After that post, I spent two whole days fighting with XML catalogs — possibly the worst-documented XML spec ever — to make sure my Java code wasn’t downloading a DTD every time it read an XHTML document.
To my annoyance, no one seems to have posted any cut-and-paste solutions to this problem. Setting properties on the SAX parser is no help, and the XML catalogs solution is a pain to set up.
So what if someone wrote a “dummy” XML entity resolver that does nothing? Here’s what I came up with:
public class DummyEntityResolver implements EntityResolver { public InputSource resolveEntity(String publicID, String systemID) throws SAXException { return new InputSource(new StringReader("")); } }
Lo and behold, it works! The key is the return line — if you return null, the SAX parser reverts to its default behavior and downloads the DTD.
Use it like this:
XMLReader reader = XMLReaderFactory.createXMLReader(); reader.setEntityResolver(new DummyEntityResolver()); reader.setContentHandler(new YourContentHandler()); reader.parse(your_xml_source);
The catch is that this will break any externally-defined entities, including standard XHTML entities like ©
. The built-in XML entities such as &
, and numeric character entities like &x43;
, will still work.
You can check that you’re not downloading any DTD’s by watching the output of ngrep -q DTD
while running your XML parser. If it doesn’t print anything, you’re good.
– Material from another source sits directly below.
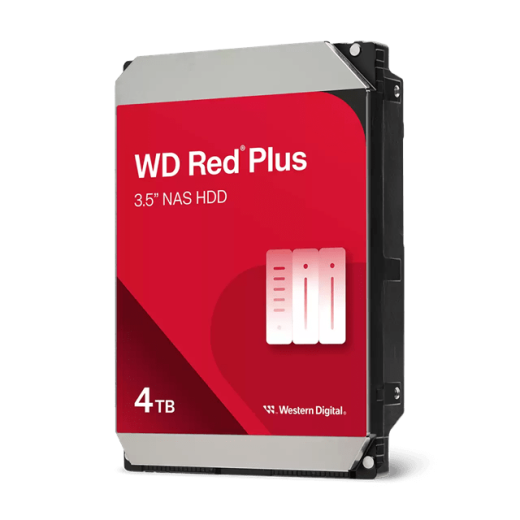 Жесткий диск для NAS систем HDD  4Tb Western Digital RED Plus SATA 6Gb/s 3.5" 128Mb 5400rpm WD40EFZZ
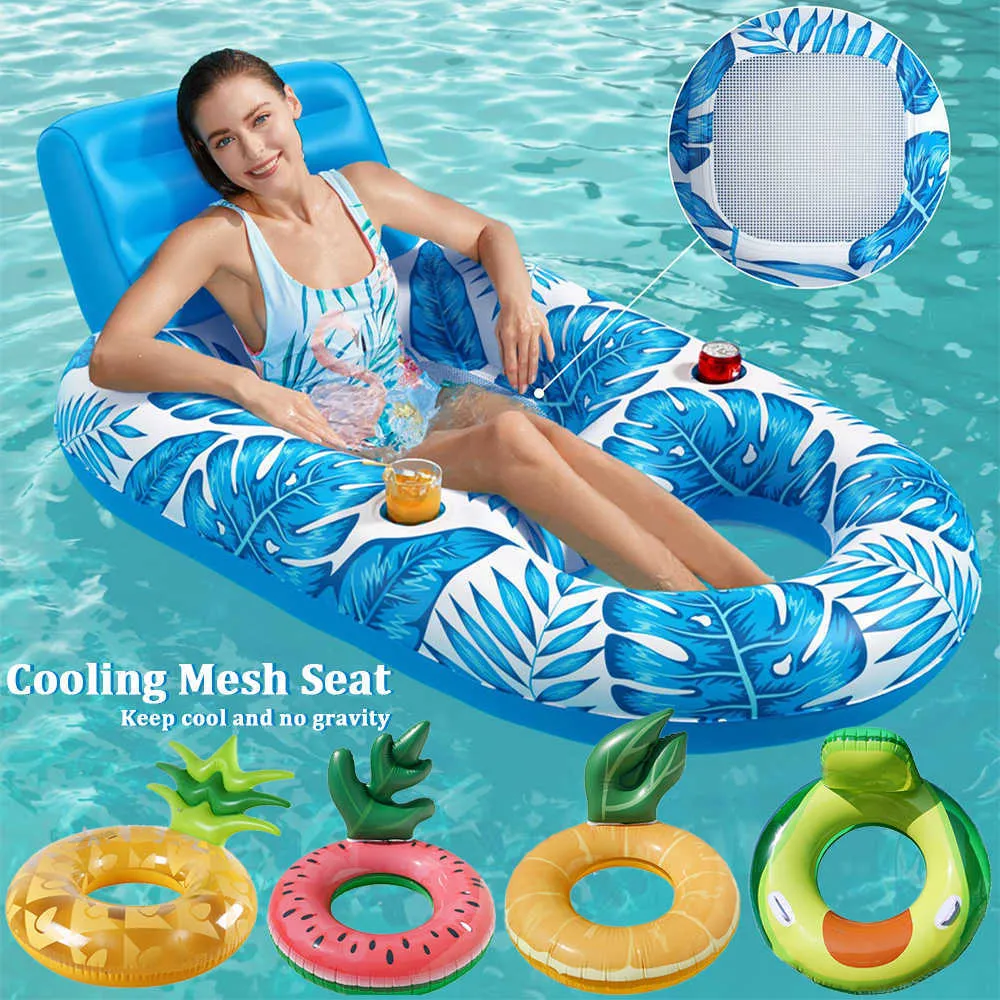 Galleggianti Tubi Gonfiabili per sport acquatici Multifunzionale estivo Sedile galleggiante pieghevole portatile Accessori per piscine durevoli P230612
Thanks this was just what I needed – I myself was a little baffled as to why there was not more information about this on the web, but anyway your solution worked out really well.
Awesome.
I had the exact same problem. Your solution worked.
I must point however, that while your solution works perfectly the following, which seems like it could work also, does not:
SAXParser saxParser = factory.newSAXParser();
saxParser.getXMLReader().setEntityResolver(new DummyEntityResolver());
saxParser.parse(new InputSource(conn.getInputStream(), new YourHandler()));
Great!
That’s my solution too!
And if you still need the DTD’s to be read you can download and save as a file and you don’t need any internetconnection to run your programm. See below:
public class DummyEntityResolver implements EntityResolver {
public InputSource resolveEntity(String publicID, String systemID) throws SAXException {
try {
return new InputSource(new FileInputStream(“temp/PropertyList-1.0.dtd”));
} catch (FileNotFoundException e) {
e.printStackTrace();
return null;
}
}
}
Thank you very much. Works fine!
Thanks!